Wednesday, July 13, 2011

It's Chicory Season


Image credit Wikipedia.

Much of my running is not actually on trails but rather on the rural roads surrounding my home in Franklin County, PA.  Pehaps the most common wildflower I see is the Common Chicory (Cichorium intybus).

I'm partial to blue flowers anyway, and to see a faint line of blue on the roadside stretching away as far as the eye can see is great.  I'm also a fan of chicory because it grows along roadsides and waste areas, thriving where other plants would perish.  It's definitely one tough plant.

Gotta throw in a poem here that I ran across by John Updike
("Chicory" from Americana and Other Poems. © Alfred A. Knopf, 2001):


Show me a piece of land that God forgot—
a strip between an unused sidewalk, say,
and a bulldozed lot, rich in broken glass—
and there, July on, will be chicory,

its leggy hollow stems staggering skyward,
its leaves rough-hairy and lanceolate,
like pointed shoes too cheap for elves to wear,
its button-blooms the tenderest mauve-blue.

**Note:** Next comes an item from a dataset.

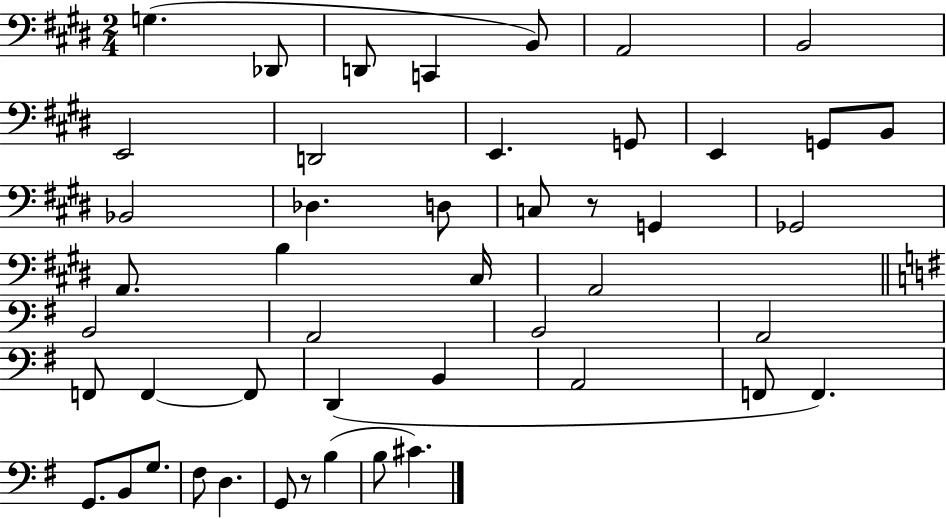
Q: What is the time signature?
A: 2/4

How good of it to risk the roadside fumes,
the oil-soaked heat reflected from asphalt,
and wretched earth dun-colored like cement,
too packed for any other seed to probe.

It sends a deep taproot (delicious, boiled),
is relished by all livestock, lends its leaves
to salads and cooked greens, but will not thrive
in cultivated soil: it must be free.